So ist es auch bei der Elbphilharmonie: in der Überzeugung, "dieses Prestigeprojekt zu schaffen", wird in die Kristallkugel geblickt: Termine zum Richtfest und zur Fertigstellung, Kostenbudgets und -aufstellungen, Akustikqualitäten und Raumdesigns. Eines haben sie alle gemein: Sie suggerieren Sicherheit, haben kaum Puffer eingeplant und sind - einmal in der Welt - Maßstab für gute oder schlechte Arbeit der Projektbeteiligten. Projektmanagement verkommt zur Planwirtschaft! Das Thema Elbphilharmonie zeigt, was passiert, wenn unterschiedliche Denkmodelle zusammenprallen und die Partner nicht über ihre Interessen offen sprechen. Der Ausführende bietet einen zwar nachrechenbaren, aber trotzdem kaum wirtschaftlichen Kampfpreis an, weil der an Haushalts- und Vergaberecht gebundene Senat auch nach Kostengesichtspunkten auswählen muss. Dieser Preis wird in den Haushalt eingeplant. Jede Abweichung erzeugt Stress, der vorprogrammiert ist, weil Abweichungen bei einem "Jahrhundertprojekt" zu erwarten sind.

Aufseiten des Ausführenden ist es betriebswirtschaftlich notwendig, Abweichungen und Nachforderungen mit Verschiebungen im Terminplan und neuen Kostenschätzungen zu beantworten, weil ein Puffer nicht "eingepreist" ist. Jede neue Erkenntnis im Projekt erfordert Nachverhandlungen. Steigt diese Zahl über die "Schmerzgrenze" wird zu persönlichen Angriffen übergegangen und Auftraggeber und Auftragnehmer werfen sich gegenseitig "Unwahrheit", "Zurückhaltung von Informationen" oder Schlimmeres vor. Und dann endet es meist vor Gericht!
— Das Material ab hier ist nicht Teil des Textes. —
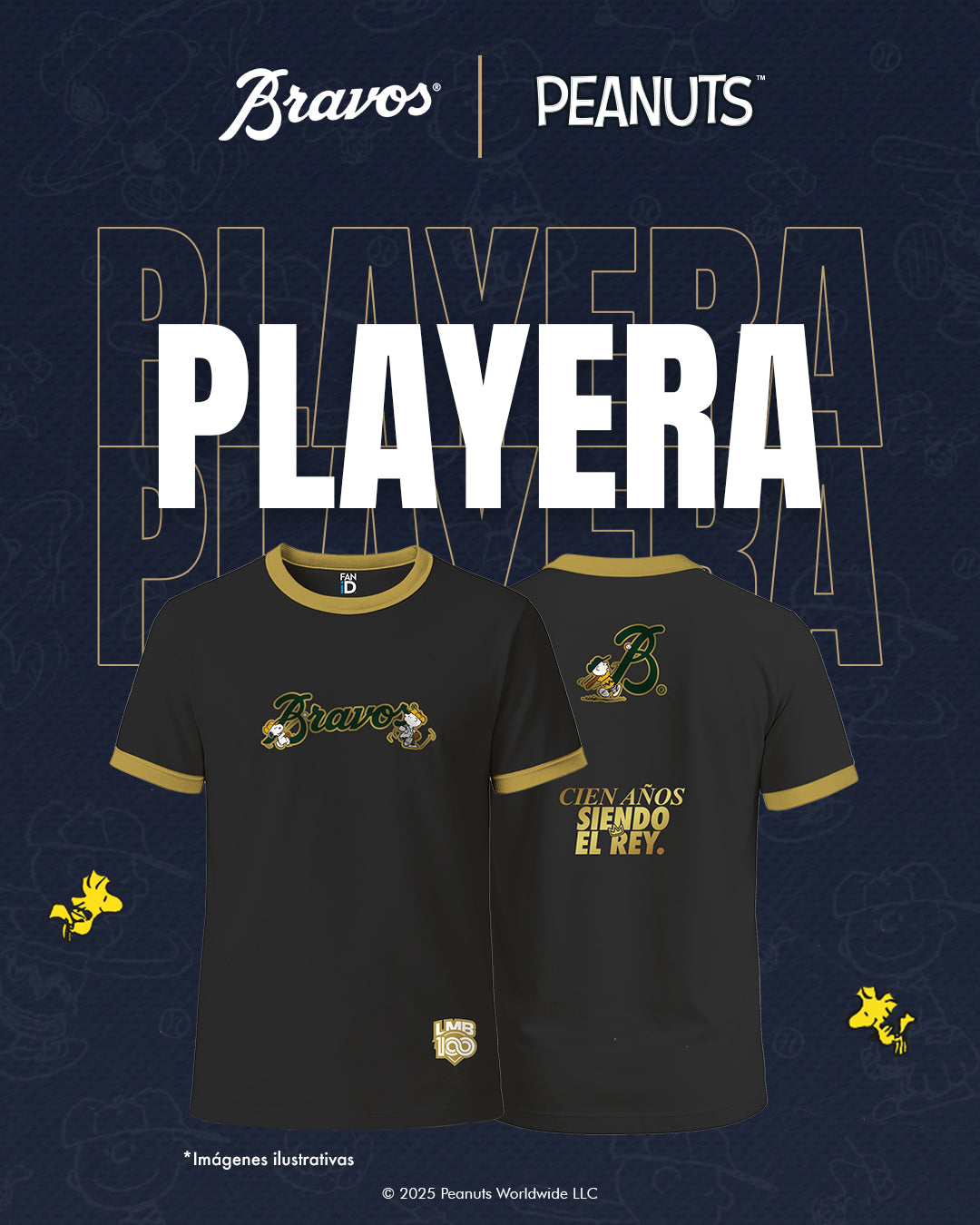 Playera Bravos X Peanuts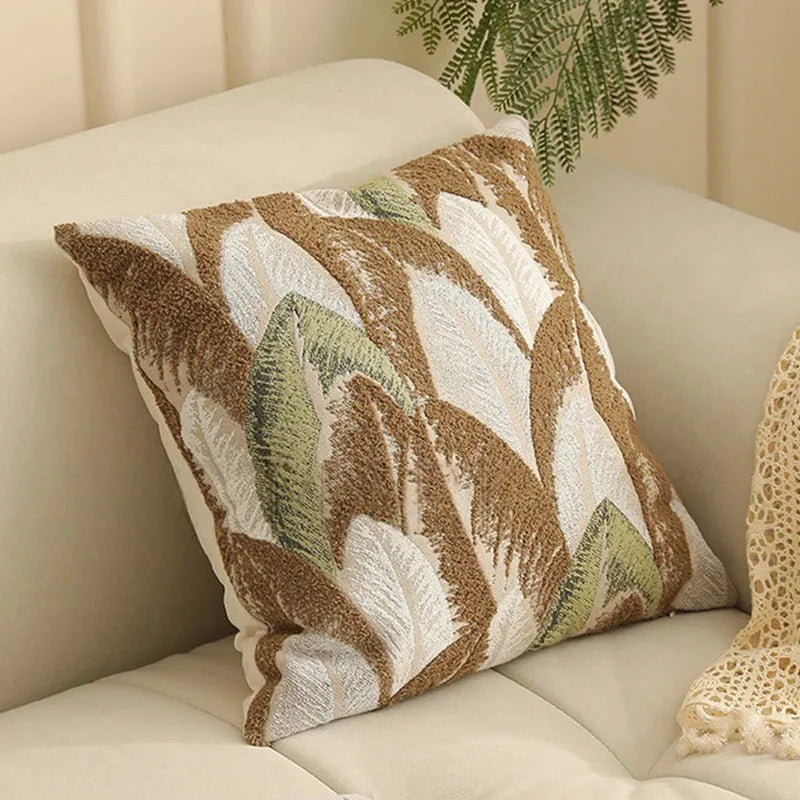 Square jacquard floral cushion cover in a choice of eight colours, measuring 45x45 cm.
Typisch: Die Strukturen der öffentlichen Haushaltsführung und des Vergaberechts sowie das Wesen eines Projektes als "im Fluss zu sein" sind kongeniale Partner für Instrumentalisierung. Solange der Auftraggeber Punktlandungen fordert, wird er die typischen Ausweichmechanismen dieser Planwirtschaft aufseiten der Auftragnehmer - nämlich Nachforderungen zu stellen und die Verantwortung abzuwälzen - herausfordern. Dies nenne ich die Logik des Misslingens, die auch bei der Elbphilharmonie am Werke ist. Dabei gäbe es eine Alternative: das Projektschiff wach und kooperationsbereit durch die Unwägbarkeiten zu steuern, statt nur Projektverträge zu schließen.